→ **WHAT YOU NEED TO DO**
Find all lines in the records that include the word "Decor", and copy them out.

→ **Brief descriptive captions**
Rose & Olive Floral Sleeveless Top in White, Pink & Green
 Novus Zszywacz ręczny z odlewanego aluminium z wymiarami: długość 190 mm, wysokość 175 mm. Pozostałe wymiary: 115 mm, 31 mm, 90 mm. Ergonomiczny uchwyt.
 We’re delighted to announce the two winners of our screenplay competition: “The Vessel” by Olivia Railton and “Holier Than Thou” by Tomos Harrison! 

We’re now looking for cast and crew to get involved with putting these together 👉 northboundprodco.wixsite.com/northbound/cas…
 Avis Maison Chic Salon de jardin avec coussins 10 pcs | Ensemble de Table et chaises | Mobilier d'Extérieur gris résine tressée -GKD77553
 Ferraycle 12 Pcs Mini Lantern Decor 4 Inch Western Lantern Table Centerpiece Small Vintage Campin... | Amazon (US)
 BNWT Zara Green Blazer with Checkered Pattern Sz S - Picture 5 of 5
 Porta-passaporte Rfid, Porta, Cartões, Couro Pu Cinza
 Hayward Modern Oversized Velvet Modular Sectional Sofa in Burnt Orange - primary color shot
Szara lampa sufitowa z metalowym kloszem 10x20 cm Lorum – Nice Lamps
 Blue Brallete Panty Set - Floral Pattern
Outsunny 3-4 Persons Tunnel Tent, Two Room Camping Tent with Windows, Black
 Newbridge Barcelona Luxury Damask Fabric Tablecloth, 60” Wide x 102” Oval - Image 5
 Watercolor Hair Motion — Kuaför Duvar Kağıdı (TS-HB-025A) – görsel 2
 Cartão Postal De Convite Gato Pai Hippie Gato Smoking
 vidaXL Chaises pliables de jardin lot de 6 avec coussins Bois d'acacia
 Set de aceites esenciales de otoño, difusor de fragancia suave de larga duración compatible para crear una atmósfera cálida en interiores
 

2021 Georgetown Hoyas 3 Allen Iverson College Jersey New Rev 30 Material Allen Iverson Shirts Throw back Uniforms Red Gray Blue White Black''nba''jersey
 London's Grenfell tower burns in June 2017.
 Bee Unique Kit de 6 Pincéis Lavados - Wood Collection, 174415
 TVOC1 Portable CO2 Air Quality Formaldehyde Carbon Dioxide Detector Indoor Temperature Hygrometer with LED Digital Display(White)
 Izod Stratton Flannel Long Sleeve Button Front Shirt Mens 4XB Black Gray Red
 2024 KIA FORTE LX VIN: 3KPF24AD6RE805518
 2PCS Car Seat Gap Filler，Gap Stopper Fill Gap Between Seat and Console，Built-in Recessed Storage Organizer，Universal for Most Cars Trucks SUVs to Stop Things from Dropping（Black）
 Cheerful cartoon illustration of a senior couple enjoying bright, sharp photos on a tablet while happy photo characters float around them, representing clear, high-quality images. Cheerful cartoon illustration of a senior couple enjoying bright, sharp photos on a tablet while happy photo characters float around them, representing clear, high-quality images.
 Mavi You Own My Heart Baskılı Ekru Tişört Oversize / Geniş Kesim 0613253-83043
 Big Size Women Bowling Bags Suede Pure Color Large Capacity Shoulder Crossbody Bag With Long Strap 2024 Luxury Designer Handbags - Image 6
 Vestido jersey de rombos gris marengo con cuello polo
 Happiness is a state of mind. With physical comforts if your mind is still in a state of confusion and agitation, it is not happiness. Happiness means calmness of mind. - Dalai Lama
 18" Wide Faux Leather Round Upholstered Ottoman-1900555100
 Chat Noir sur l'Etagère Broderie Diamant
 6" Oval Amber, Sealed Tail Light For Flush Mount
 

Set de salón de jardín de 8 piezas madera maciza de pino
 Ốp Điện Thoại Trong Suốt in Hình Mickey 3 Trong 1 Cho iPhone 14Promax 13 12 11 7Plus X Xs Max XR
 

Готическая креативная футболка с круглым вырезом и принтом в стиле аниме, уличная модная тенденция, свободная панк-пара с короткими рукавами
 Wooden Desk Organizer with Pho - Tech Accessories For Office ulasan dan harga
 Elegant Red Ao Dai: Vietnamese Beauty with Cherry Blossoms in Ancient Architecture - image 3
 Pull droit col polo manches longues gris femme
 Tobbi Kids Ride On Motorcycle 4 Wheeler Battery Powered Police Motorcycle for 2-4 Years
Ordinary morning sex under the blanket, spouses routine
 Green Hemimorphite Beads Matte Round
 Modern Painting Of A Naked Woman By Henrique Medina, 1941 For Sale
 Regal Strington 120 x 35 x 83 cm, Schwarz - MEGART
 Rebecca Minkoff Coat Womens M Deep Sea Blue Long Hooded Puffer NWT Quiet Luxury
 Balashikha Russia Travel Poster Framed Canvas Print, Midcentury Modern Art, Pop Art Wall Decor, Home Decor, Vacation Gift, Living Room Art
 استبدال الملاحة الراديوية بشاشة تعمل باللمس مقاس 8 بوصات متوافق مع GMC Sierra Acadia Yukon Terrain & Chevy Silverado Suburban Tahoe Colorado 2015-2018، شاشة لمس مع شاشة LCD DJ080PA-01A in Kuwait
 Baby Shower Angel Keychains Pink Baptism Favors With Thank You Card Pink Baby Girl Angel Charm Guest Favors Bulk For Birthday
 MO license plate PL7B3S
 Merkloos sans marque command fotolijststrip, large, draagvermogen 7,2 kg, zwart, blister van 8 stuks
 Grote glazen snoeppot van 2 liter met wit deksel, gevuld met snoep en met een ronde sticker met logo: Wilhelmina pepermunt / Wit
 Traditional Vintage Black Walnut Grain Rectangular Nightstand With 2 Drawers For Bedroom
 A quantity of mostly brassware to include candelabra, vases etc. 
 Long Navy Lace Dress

→ **COMPLETED TASK**
 Ferraycle 12 Pcs Mini Lantern Decor 4 Inch Western Lantern Table Centerpiece Small Vintage Campin... | Amazon (US)
 Balashikha Russia Travel Poster Framed Canvas Print, Midcentury Modern Art, Pop Art Wall Decor, Home Decor, Vacation Gift, Living Room Art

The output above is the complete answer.